Un suspens
Décembre n'est pas tenable. L'anniversaire de papa, la neige dans les stations de ski, les réjouissances factices du 24 au 31, les guirlandes en travers des rues, la consommation massive d'huîtres et de chocolats, etc.
Afin d'y échapper, j'avais prévu de partir à Bangkok chez Lucie. J'extrapolais déjà l'Asie tropicale, mais j'occultais l'essentiel, à savoir le compte en banque débiteur. Selon un autre calcul, la grâce d'un amour aurait pu combler mon infortune, or là aussi il y a disette. Cet hiver, mathématique amère : il me reste la plainte comme ressource minimale d'invention.
L'image que je donne ici s'avère partiale. Il doit sembler au lecteur que ma vie se passe à baiser des tocards et pleurnicher sur mon sort. De fait les blancs entre chaque publication ne cachent rien, hormis quelques ratures.
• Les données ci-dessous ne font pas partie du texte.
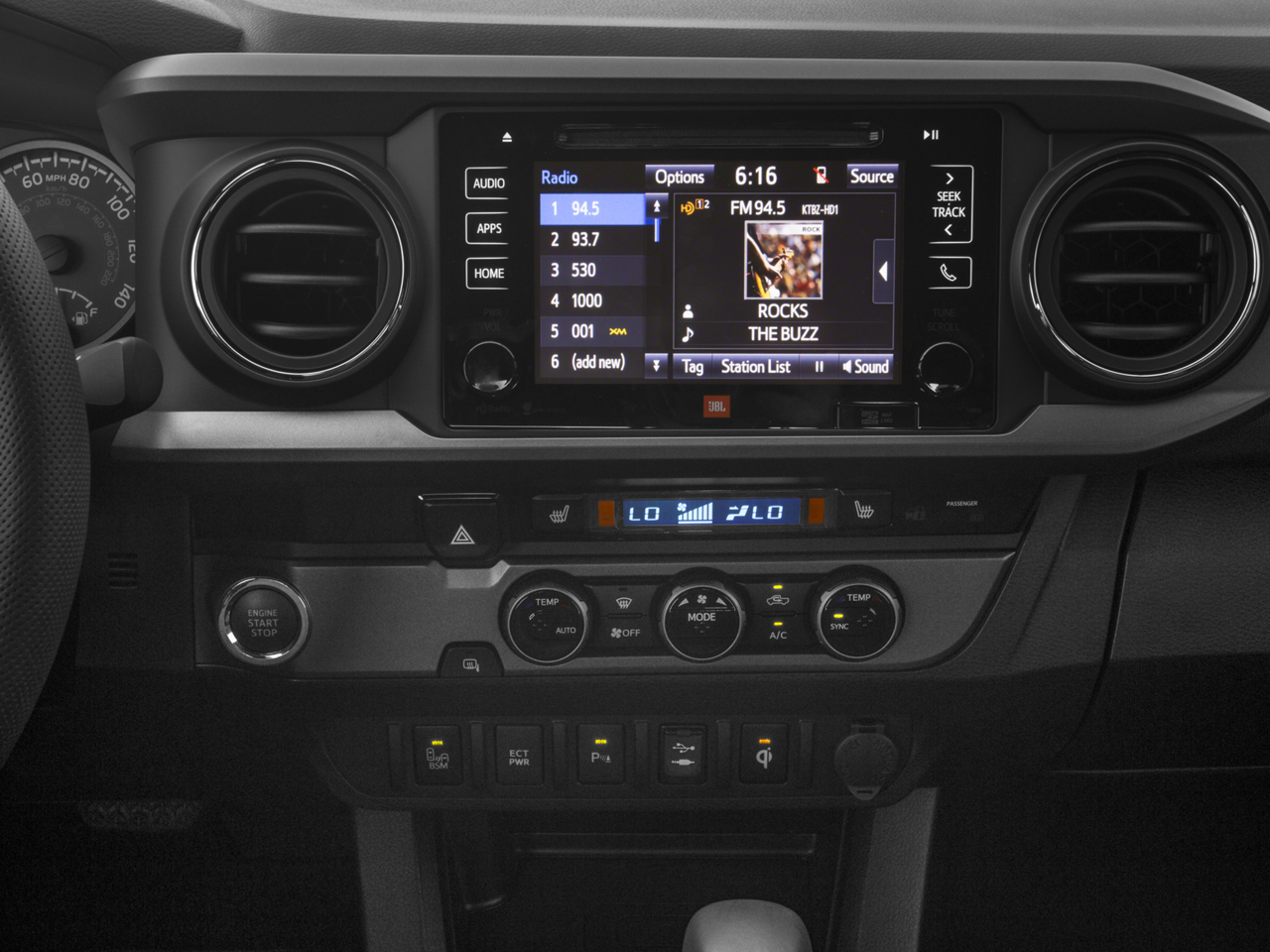 2016 Toyota Tacoma Double Cab TRD Sport Pickup 4D 5 ft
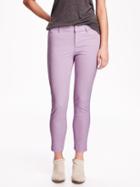 Old Navy Womens Mid-rise Pixie Ankle Chinos For Women Bust A Mauve Size 16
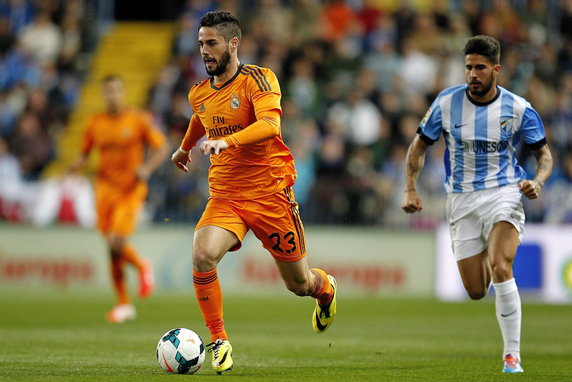 SPAIN SOCCER PRIMERA DIVISION (MALAGA VS REAL MADRID)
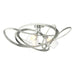 Nest Semi-Flush in Sterling - 128720-SKT-85-ZM0621 by Hubbardton Forge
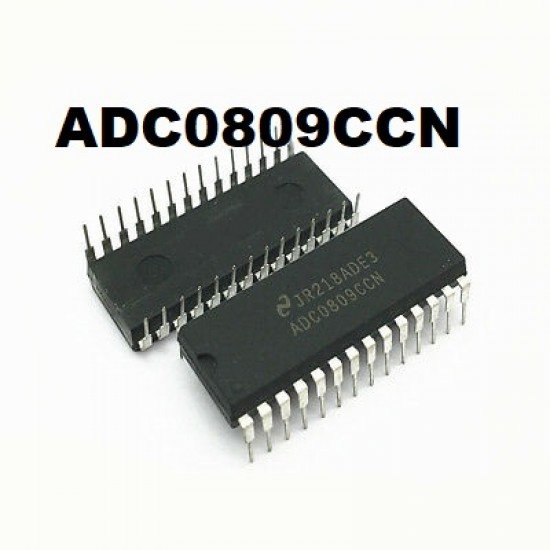 ADC0808 ADC0809 IC - 8-Bit ADC Converters IC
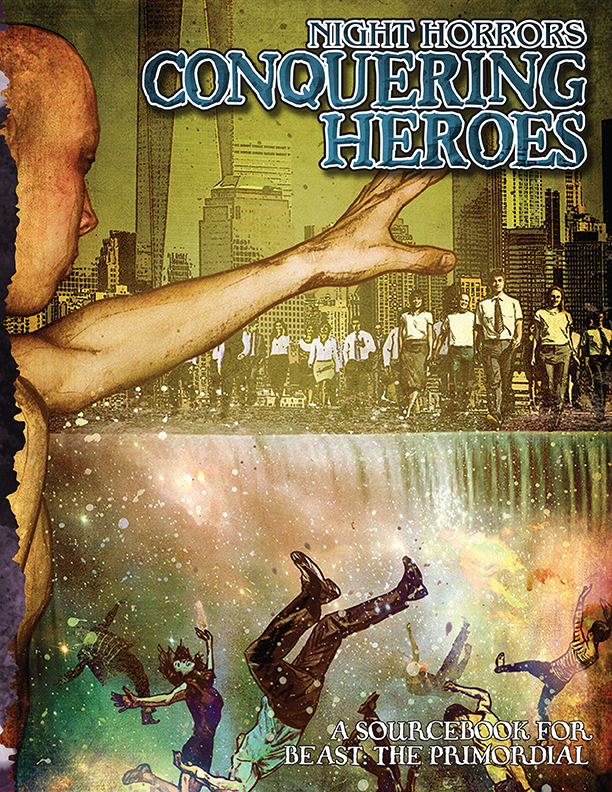 Now in Print: Night Horrors: Conquering Heroes!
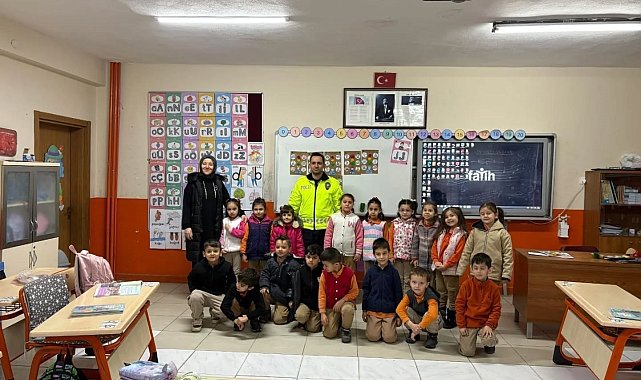 Bilecik'te öğrencilere trafik eğitimi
J'ai notamment omis de raporter, une partouze en famille autour d'un vin vieux de Bordeaux, ma visite au château de Fontainebleau, une célébration festive dans un appartement parisien avec beaucoup de monde, un spectacle de danse bouleversant, plusieurs bonnes séances de cinéma, et des conversations sur l'actualité, parce que tout cela n'était qu'une façon de fuir, un passe temps, parce que mon coeur est ailleurs. Les traces désolées que je laisse à la place au moins ne sont pas dupes. Vivre nécessite un acte de foi chaque jour renouvelé, tandis qu'écrire exige de voir les choses en face.
Je demande au père Noël un révolver et du cyanure pour en finir... Cependant je sais qu'on m'offrira des livres, et que ma veulerie puisera là un prétexte à surseoir.
Aussi plutôt que de rabacher mes déboires, je décrète la fermeture provisoire, un suspens, des messages sur ce blog. Assez parlé : ma trêve de blogeur vaut bien celle des confiseurs. C'est cadeau !
"Tu n'as rien à dire mais tu ne considères pas que c'est une raison suffisante pour se taire. Tu ne sors d'une crise d'aphasie que pour entrer dans une crise de logorrhée, et inversement." (Jacques Brou, La grande vacance.)